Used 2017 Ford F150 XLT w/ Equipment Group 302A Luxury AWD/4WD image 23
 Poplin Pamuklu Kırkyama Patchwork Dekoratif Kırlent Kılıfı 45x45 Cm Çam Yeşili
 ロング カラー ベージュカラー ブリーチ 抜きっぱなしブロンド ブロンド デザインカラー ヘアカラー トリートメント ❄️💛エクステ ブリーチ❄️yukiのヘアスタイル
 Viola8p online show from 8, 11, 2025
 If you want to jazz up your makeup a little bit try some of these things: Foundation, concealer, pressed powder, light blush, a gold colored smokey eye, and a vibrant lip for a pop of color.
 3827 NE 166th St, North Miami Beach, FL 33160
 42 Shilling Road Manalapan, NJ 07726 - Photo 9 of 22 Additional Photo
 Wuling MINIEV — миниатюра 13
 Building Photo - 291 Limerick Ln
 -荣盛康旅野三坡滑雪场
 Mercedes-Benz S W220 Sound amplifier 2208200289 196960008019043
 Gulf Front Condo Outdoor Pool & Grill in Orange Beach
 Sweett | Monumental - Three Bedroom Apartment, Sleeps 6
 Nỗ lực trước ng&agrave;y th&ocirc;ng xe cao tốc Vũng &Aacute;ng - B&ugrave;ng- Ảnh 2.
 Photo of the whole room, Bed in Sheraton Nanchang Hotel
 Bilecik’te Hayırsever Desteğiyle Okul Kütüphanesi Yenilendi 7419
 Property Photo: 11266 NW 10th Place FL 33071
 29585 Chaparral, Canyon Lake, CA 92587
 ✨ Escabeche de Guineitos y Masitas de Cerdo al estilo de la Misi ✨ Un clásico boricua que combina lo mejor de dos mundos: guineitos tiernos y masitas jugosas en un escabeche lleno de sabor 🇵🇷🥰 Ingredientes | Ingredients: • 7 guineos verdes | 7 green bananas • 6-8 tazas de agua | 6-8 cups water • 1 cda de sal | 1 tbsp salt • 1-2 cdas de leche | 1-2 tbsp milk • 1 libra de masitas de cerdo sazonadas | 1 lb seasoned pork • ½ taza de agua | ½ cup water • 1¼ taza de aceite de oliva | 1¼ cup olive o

> About this task: Search the listing above for the lines with "Sweett | Monumental" and "29585 Chaparral, Canyon Lake, CA 92587", then output those lines and all lines between them exactly.

> Response area:
 Sweett | Monumental - Three Bedroom Apartment, Sleeps 6
 Nỗ lực trước ng&agrave;y th&ocirc;ng xe cao tốc Vũng &Aacute;ng - B&ugrave;ng- Ảnh 2.
 Photo of the whole room, Bed in Sheraton Nanchang Hotel
 Bilecik’te Hayırsever Desteğiyle Okul Kütüphanesi Yenilendi 7419
 Property Photo: 11266 NW 10th Place FL 33071
 29585 Chaparral, Canyon Lake, CA 92587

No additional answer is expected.